Like births, and wedding receptions, and funerals.

Yes, funerals.   The word "parlour," and the memory that once we hosted funerals in the living-room, actually lives on in our modern euphemism for the local mortuary.  These days funerals happen in "funeral parlors," but time was the funeral--at least the open casket and the viewing and the reception parts of the funeral--time was this happened in our own parlors. 

The “funeral home” used to be our own home.

Because once upon a time dealing with death was an integral part of life, and by necessity we made space for it in our day-to-day.  Like Psychologist Richard Beck puts it, "We used to live with the dead.  We were born in our homes and we died in our homes.  The wake was in the home, and our dead bodies were viewed in the parlor of the home."

Of course, we don't call the parlour a parlour anymore, anymore than we use it for wakes and funerals.  Today professionals deal with death for us, in professionalized space out of sight and out of mind, and, what with all that valuable real-estate taking up space in the home, we've reclaimed the room that once served this purpose.  Today it's called "the living room" (perhaps aptly), and the memory that it was once used for dying, too, is all but gone.

This isn't the only way we deny death in our world.

We used to worship alongside the dead, for instance.  The churchyard was a cemetery, and once a week you had to walk by that sombre memento mori on your way to meet with the Lord of Life.  Time was. 
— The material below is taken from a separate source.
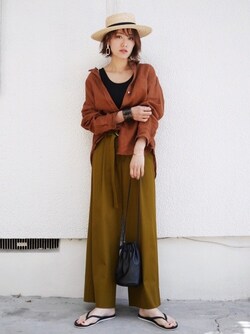 ブラウン系のワントーンに黒を差した色使いがおしゃれ上級者/出典:WEAR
Richard Beck points out how now a-days, cemeteries are kept on the metropolitan outskirts, not at the centre of public life, and since no one wants to drive past a field full of morbid-looking tombstones, we've replaced all those solemn monuments with ground-level grave-markers so the fact that it is a cemetery can be kept strictly on a need-to-know basis.  A modern cemetery looks more like a serene city park than real graveyard.
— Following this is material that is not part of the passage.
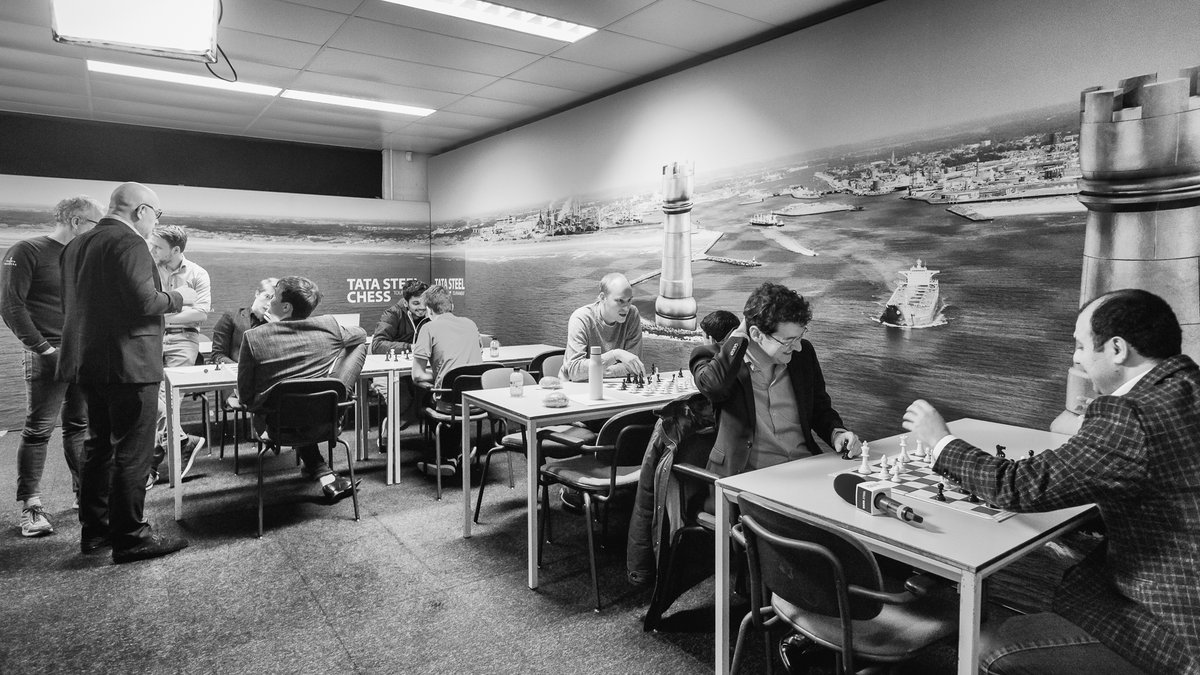 alinalami's tweet photo. After work, fun is coming @tatasteelchess😊 - backstage analysis #nocomputers! #TataSteelChess https://t.co/cbg1FO8zjG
I think there is something almost pathological in our modern world’s efforts to push death to the edges of our awareness and to professionalize and de-sacralise our encounters with it.  In general, I would argue that making peace with the reality of death is a vital step towards spiritual maturity, and that the denial of death leads to spiritual emptiness.  This is part of what Thoreau was getting at, I think, when he said that “the mass of men lead lives of quiet desperation.”  Quiet desperation hums almost audibly in the heart that refuses even to look at death.

But there’s more: because as a follower of the Risen Jesus, I believe both that death has been drained of its despair, but also that the inevitable fact of death can, and should, and does point us to our Maker and the offer of life he makes us in Jesus Christ (so death, defeated, is made to pay tribute to its Conqueror, Jesus Christ).  But in a world that refuses even to look at death, the news of its defeat will fall on deaf ears.
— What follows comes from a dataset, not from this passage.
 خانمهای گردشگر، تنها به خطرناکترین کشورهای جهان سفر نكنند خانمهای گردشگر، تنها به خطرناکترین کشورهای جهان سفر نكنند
Which brings me at last to the point of today’s post.  Because in 22 days our culture will celebrate a community-wide ceremony that asks us all to take a good hard look at death, if only for one night of the year.  Or at least it used to ask us to.  It came knocking on your door asking for a treat, of all things.  And even today, the vestiges of that ceremony—plastic tombstones and rubber skeletons and all—are still hung up on display, a Made in China memento mori, but a memento mori nonetheless.

And it seems to me, thinking about Halloween theologically this month, and all, that there’s something going on here that the Gospel can, and should lay hold of.   Because the truth is, in Jesus Christ we need neither deny death nor to despair in it.  And as the quiet desperation of a death-denying culture is given voice, (mask-muffled voice, to be sure, but voice nonetheless) on this one "All’s Hallowed" night of the year—whatever else is going on October 31—we're being given the opportunity to remember and proclaim the sure saying that we live by:  “Death has been swallowed up in Victory.”

Thanks be to God, who gives us victory through Jesus Christ our Lord.